__WORK INSTRUCTION__. Restate the whole of the data below word for word, skipping the images.

__DATA SHOWN__.
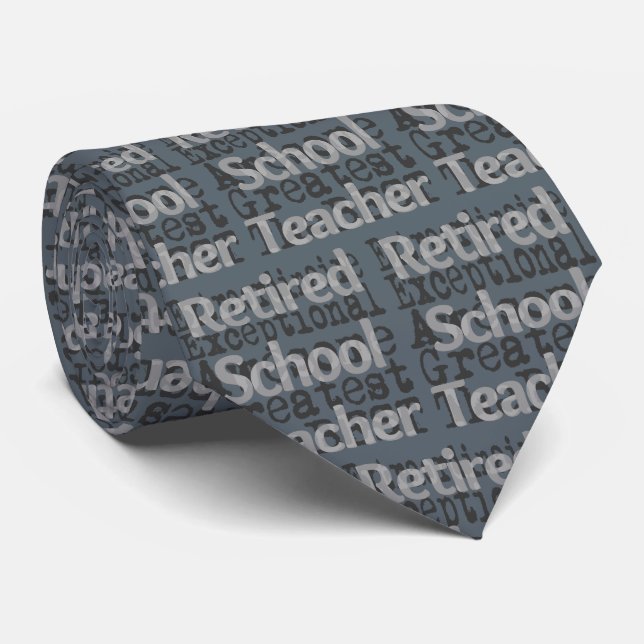 Retired School Teacher Extraordinaire Tie (Rolled)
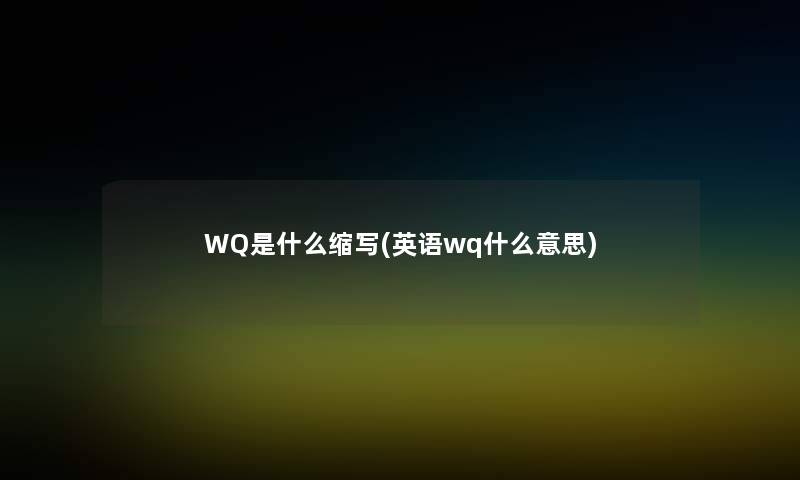 WQ是什么缩写(英语wq什么意思)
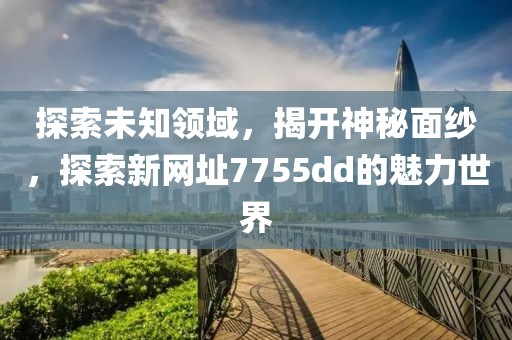 探索未知领域，揭开神秘面纱，探索新网址7755dd的魅力世界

__YOUR SOLUTION__.
 Retired School Teacher Extraordinaire Tie (Rolled)
 WQ是什么缩写(英语wq什么意思)
 探索未知领域，揭开神秘面纱，探索新网址7755dd的魅力世界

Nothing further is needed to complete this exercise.